Serving Angular Microfrontends Securely in Development Mode: Native Federation with HTTPS
Problem: Setting up Angular microfrontends with Native Federation for development can be challenging when you need to ensure secure communication (HTTPS) between the host application and the remote microfrontends. This article will guide you through the process of configuring HTTPS for your Angular Native Federation setup in development mode.
Scenario: Imagine you are building an e-commerce application using Angular Native Federation.
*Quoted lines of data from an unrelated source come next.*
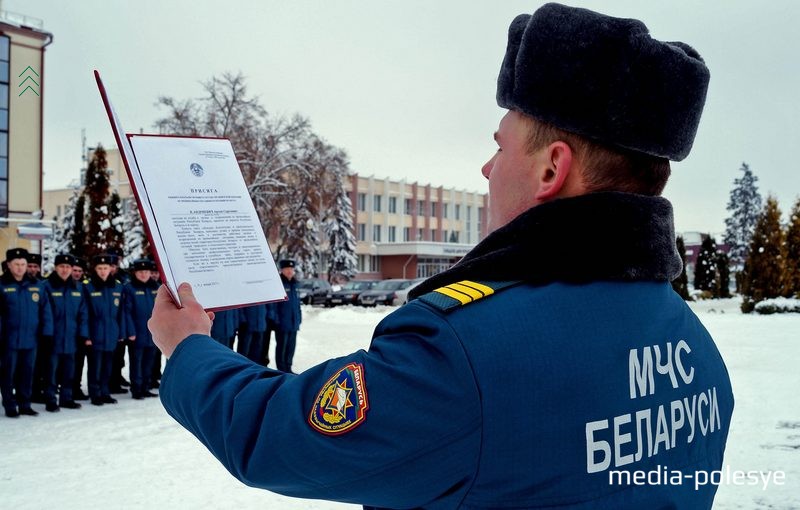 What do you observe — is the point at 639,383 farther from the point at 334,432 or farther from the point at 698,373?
the point at 334,432

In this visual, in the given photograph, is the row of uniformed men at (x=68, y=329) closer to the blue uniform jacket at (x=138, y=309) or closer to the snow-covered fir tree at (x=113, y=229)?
the blue uniform jacket at (x=138, y=309)

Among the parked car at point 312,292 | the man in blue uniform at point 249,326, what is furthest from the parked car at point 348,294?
the man in blue uniform at point 249,326

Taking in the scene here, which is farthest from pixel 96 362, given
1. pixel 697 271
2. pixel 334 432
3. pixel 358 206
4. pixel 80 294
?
pixel 358 206

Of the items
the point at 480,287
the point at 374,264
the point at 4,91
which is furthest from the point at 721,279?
the point at 480,287

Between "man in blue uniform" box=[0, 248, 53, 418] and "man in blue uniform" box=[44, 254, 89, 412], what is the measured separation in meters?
0.23

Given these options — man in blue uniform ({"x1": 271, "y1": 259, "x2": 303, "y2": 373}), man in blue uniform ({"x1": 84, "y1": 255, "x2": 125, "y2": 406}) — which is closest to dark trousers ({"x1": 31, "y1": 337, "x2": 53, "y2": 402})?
man in blue uniform ({"x1": 84, "y1": 255, "x2": 125, "y2": 406})

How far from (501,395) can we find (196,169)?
1148 mm

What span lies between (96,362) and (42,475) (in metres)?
4.06

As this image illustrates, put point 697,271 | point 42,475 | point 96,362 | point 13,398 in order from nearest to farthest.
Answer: point 42,475 → point 13,398 → point 96,362 → point 697,271

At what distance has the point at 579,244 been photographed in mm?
1154

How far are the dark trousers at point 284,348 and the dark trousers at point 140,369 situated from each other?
2.22m

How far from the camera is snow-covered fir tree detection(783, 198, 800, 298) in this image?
2519cm

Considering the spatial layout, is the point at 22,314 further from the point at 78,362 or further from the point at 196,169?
the point at 196,169

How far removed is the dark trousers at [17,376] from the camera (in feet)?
28.0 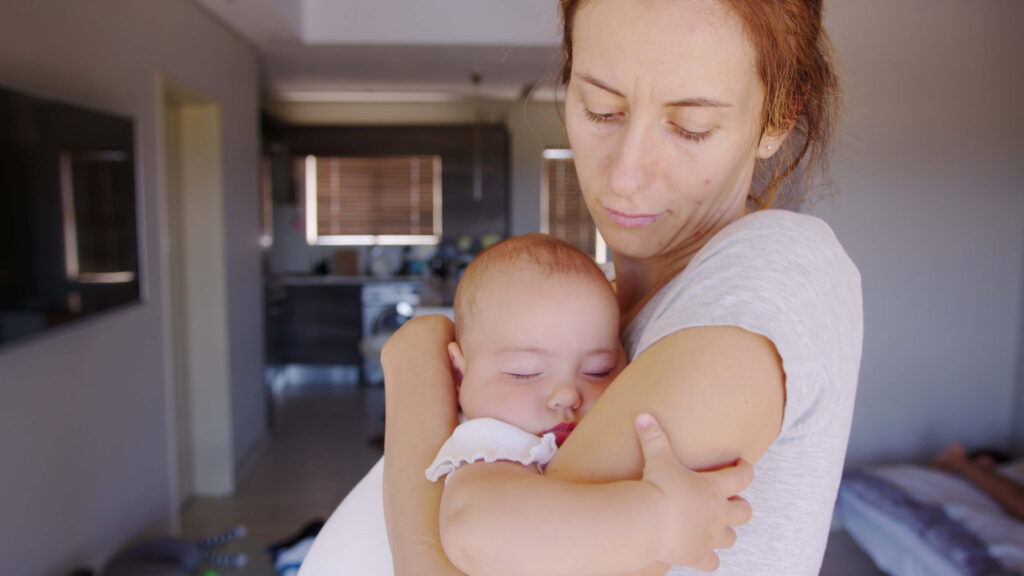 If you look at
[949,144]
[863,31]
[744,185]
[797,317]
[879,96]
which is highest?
[863,31]

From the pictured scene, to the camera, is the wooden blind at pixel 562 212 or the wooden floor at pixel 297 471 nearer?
the wooden floor at pixel 297 471

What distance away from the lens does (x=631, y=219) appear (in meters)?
0.78

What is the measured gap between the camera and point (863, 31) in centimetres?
327

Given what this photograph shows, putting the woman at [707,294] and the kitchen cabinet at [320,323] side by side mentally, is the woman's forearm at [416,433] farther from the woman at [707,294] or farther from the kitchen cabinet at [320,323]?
the kitchen cabinet at [320,323]

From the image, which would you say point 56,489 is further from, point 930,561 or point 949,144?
point 949,144

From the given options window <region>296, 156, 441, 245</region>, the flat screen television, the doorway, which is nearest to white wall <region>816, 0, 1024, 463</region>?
the flat screen television

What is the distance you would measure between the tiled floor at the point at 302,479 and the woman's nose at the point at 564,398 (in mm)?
2976

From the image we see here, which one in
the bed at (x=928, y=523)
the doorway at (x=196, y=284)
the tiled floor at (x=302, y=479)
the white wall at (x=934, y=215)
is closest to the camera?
the bed at (x=928, y=523)

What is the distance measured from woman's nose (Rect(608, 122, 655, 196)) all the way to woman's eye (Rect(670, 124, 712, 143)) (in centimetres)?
3

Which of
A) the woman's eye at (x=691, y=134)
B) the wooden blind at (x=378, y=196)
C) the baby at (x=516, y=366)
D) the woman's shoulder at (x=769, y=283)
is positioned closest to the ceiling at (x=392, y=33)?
the wooden blind at (x=378, y=196)

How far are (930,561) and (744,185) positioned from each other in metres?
2.52

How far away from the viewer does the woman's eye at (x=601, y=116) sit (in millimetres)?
762

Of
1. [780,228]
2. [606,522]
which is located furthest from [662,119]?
[606,522]

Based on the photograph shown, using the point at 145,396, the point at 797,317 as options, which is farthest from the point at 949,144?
the point at 145,396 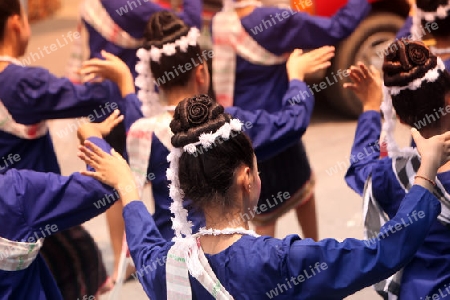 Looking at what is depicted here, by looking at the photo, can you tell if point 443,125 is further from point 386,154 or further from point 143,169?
point 143,169

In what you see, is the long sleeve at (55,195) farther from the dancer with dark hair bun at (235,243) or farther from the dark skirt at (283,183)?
the dark skirt at (283,183)

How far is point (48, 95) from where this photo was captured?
2885 millimetres

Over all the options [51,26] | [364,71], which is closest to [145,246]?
[364,71]

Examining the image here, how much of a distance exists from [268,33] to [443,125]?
1229 mm

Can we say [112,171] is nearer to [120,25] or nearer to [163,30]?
[163,30]

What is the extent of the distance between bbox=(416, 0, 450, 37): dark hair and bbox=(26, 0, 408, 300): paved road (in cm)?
41

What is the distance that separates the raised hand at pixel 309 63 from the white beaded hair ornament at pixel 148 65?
1.18ft

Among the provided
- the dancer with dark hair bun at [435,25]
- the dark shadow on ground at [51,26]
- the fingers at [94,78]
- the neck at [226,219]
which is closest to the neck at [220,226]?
the neck at [226,219]

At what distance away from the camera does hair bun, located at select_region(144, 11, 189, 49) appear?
8.83ft

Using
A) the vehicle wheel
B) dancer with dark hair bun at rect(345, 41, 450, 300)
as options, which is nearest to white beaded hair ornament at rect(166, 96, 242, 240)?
dancer with dark hair bun at rect(345, 41, 450, 300)

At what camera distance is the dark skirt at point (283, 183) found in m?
3.36

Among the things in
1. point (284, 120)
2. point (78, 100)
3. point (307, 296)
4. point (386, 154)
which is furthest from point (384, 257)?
point (78, 100)

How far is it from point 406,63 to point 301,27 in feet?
3.63

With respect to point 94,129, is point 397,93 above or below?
above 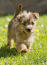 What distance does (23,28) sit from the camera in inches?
196

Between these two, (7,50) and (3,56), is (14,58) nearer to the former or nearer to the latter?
(3,56)

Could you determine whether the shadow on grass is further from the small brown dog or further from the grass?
the small brown dog

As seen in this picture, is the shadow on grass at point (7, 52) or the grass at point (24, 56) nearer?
the grass at point (24, 56)

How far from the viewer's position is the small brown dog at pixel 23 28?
16.3ft

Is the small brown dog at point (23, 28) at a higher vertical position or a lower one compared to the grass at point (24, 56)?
higher

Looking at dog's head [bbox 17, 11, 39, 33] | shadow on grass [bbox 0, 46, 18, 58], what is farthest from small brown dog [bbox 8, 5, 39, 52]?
shadow on grass [bbox 0, 46, 18, 58]

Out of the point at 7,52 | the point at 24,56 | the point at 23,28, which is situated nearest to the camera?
the point at 24,56

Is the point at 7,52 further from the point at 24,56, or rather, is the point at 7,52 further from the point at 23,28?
the point at 23,28

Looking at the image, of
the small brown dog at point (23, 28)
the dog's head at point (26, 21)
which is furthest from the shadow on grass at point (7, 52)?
the dog's head at point (26, 21)

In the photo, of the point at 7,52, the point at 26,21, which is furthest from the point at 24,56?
the point at 26,21

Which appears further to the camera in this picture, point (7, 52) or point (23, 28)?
point (7, 52)

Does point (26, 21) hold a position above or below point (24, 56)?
above

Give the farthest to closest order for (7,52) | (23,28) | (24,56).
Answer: (7,52)
(23,28)
(24,56)

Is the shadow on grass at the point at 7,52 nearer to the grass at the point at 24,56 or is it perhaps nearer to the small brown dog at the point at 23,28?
the grass at the point at 24,56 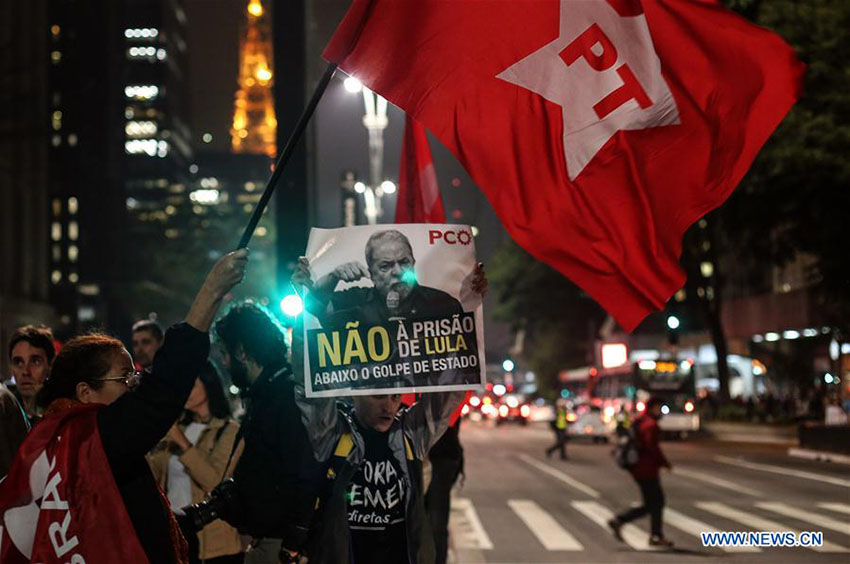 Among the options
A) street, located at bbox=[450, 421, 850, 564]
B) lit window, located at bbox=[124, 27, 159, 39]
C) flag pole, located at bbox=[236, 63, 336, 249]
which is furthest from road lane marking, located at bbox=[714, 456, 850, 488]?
lit window, located at bbox=[124, 27, 159, 39]

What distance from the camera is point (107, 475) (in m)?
4.18

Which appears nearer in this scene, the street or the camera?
the camera

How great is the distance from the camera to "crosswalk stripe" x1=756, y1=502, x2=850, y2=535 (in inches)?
679

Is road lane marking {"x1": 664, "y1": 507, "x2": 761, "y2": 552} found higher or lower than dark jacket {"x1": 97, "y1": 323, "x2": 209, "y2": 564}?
lower

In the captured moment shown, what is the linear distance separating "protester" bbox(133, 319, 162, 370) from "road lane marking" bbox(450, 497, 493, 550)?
7.23 m

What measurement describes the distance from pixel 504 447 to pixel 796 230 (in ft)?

You have a main application (host) and multiple remote microfrontends responsible for different functionalities like product listing, checkout, and user profile. In development, you need to ensure that all communication between these components happens over HTTPS to prevent vulnerabilities.
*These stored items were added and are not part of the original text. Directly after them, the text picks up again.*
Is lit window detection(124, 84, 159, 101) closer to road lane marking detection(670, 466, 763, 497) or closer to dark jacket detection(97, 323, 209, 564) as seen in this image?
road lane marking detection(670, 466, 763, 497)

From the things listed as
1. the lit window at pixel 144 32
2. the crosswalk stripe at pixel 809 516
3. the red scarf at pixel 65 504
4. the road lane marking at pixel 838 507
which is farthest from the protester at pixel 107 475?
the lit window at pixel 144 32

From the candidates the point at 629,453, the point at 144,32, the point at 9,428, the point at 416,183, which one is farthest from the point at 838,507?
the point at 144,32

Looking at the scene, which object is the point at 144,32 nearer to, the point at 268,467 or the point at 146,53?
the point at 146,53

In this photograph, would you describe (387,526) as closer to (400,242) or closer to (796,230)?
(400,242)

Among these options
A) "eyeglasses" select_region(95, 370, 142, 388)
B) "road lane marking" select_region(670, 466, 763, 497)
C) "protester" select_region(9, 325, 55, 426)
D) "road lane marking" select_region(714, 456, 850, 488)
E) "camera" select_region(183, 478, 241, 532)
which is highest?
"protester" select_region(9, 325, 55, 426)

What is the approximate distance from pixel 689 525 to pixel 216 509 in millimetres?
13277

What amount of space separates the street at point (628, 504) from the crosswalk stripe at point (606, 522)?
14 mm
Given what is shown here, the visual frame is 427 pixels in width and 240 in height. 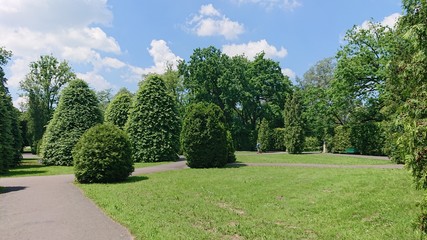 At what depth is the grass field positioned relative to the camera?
22.4 ft

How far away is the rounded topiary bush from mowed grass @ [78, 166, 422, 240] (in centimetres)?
127

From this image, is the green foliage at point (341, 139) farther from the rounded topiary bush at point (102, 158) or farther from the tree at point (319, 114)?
the rounded topiary bush at point (102, 158)

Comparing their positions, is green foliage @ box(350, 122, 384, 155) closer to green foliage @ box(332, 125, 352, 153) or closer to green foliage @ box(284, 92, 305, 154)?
green foliage @ box(332, 125, 352, 153)

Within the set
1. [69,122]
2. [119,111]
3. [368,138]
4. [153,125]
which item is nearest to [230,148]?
[153,125]

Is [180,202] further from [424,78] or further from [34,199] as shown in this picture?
[424,78]

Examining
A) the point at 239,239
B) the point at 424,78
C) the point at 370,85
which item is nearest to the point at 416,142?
the point at 424,78

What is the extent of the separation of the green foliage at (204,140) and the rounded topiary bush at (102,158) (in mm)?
5124

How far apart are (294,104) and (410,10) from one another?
98.6ft

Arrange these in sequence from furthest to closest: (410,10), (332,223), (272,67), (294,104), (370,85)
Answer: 1. (272,67)
2. (294,104)
3. (370,85)
4. (332,223)
5. (410,10)

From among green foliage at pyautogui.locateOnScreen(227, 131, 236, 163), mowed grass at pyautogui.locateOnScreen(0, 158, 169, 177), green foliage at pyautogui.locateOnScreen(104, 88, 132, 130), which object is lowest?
mowed grass at pyautogui.locateOnScreen(0, 158, 169, 177)

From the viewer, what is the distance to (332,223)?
759cm

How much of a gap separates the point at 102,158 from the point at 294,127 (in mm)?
24043

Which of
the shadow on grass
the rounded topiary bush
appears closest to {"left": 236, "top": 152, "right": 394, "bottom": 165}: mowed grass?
the rounded topiary bush

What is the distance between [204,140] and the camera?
1961 centimetres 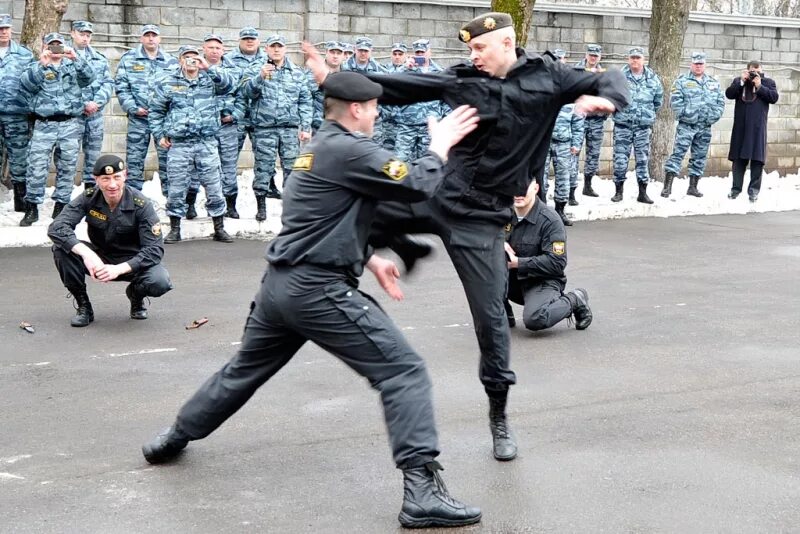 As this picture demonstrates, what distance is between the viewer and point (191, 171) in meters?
12.6

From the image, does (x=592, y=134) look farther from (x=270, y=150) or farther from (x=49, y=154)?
(x=49, y=154)

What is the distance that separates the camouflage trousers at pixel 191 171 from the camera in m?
12.4

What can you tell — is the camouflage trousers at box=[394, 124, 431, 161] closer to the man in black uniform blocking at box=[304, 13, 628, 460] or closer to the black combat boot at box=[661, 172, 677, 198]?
the black combat boot at box=[661, 172, 677, 198]

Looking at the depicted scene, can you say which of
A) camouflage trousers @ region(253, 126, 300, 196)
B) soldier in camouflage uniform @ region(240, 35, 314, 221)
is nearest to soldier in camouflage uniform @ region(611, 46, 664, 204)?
soldier in camouflage uniform @ region(240, 35, 314, 221)

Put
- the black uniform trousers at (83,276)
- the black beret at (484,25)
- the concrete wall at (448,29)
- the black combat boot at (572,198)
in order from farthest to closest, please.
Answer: the black combat boot at (572,198)
the concrete wall at (448,29)
the black uniform trousers at (83,276)
the black beret at (484,25)

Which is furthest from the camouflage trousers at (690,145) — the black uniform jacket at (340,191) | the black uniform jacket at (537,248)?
the black uniform jacket at (340,191)

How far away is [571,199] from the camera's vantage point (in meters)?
15.8

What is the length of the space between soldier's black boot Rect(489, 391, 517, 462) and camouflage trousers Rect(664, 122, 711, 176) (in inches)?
470

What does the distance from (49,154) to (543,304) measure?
6.66 m

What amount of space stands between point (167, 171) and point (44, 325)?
4.41 m

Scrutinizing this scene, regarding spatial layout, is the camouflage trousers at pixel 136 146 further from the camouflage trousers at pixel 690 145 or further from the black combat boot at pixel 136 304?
the camouflage trousers at pixel 690 145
Original Code (without HTTPS):
// host application (main.ts)
import { bootstrapApplication } from '@angular/platform-browser';
import { AppModule } from './app/app.module';
import { provideRouter, withInMemoryScrolling } from '@angular/router';
import { routes } from './app/app.routes';
import { provideRemoteModuleFederationConfig } from '@angular-architects/module-federation';
bootstrapApplication(AppModule, {
providers: [
provideRouter(routes, withInMemoryScrolling()),
provideRemoteModuleFederationConfig({
remotes: [
{
name: 'product',
exposedModule: './Module',
remoteEntry: 'http://localhost:4201/remoteEntry.js',
},
{
name: 'checkout',
exposedModule: './Module',
remoteEntry: 'http://localhost:4202/remoteEntry.js',
}
],
}),
],
});
Analysis:
The problem with the above code is that it uses http for the remoteEntry.js URL, making the communication insecure. To secure it, we need to use https instead of http. However, simply replacing http with https in development won't work as your local development server doesn't automatically run on HTTPS.
Solution:
-
Use a self-signed SSL certificate: The most common approach is to generate a self-signed SSL certificate and configure your development servers to use it.
-
Set up HTTPS for your development servers:
-
For Angular CLI:
ng serve --ssl --ssl-cert=path/to/cert.pem --ssl-key=path/to/key.pemReplace
path/to/cert.pemandpath/to/key.pemwith the paths to your self-signed certificate and key files, respectively. -
For Node.js servers:
Use a library like
httpsto create a server with the self-signed certificate. You can find numerous examples and tutorials online.
-
-
Update your remoteEntry URLs: Once you have your development servers running on HTTPS, update the
remoteEntryURLs in your host application's configuration:provideRemoteModuleFederationConfig({ remotes: [ { name: 'product', exposedModule: './Module', remoteEntry: 'https://localhost:4201/remoteEntry.js', }, { name: 'checkout', exposedModule: './Module', remoteEntry: 'https://localhost:4202/remoteEntry.js', } ], }),
Example:
Let's consider a basic example. Assuming your microfrontend applications are running on ports 4201 and 4202, you can generate a self-signed certificate using openssl like this:
openssl req -x509 -newkey rsa:2048 -keyout key.pem -out cert.pem -days 365 -nodes
Then, you can start your development servers using the following commands:
# For Angular CLI
ng serve --ssl --ssl-cert=cert.pem --ssl-key=key.pem
Additional Tips:
- Trust your certificate: You may need to add your self-signed certificate to your browser's trusted certificate store to avoid security warnings.
- Consider a dedicated HTTPS development environment: Using a dedicated environment specifically for development with HTTPS can simplify your setup and provide a more realistic testing environment.
- Use a tool like mkcert: mkcert is a great tool for generating local SSL certificates for development, making the process much simpler.
Conclusion:
Securing your Angular microfrontends with Native Federation in development mode requires HTTPS communication. By generating a self-signed certificate and configuring your servers to use it, you can ensure secure communication between your host and remote microfrontends during development, building a more robust and secure application.
References:
This article provides a comprehensive guide to setting up Angular Native Federation with HTTPS in development mode. It covers the process, provides code examples, and offers additional tips for a secure and efficient development workflow. Remember to adapt these instructions to your specific project setup and configurations.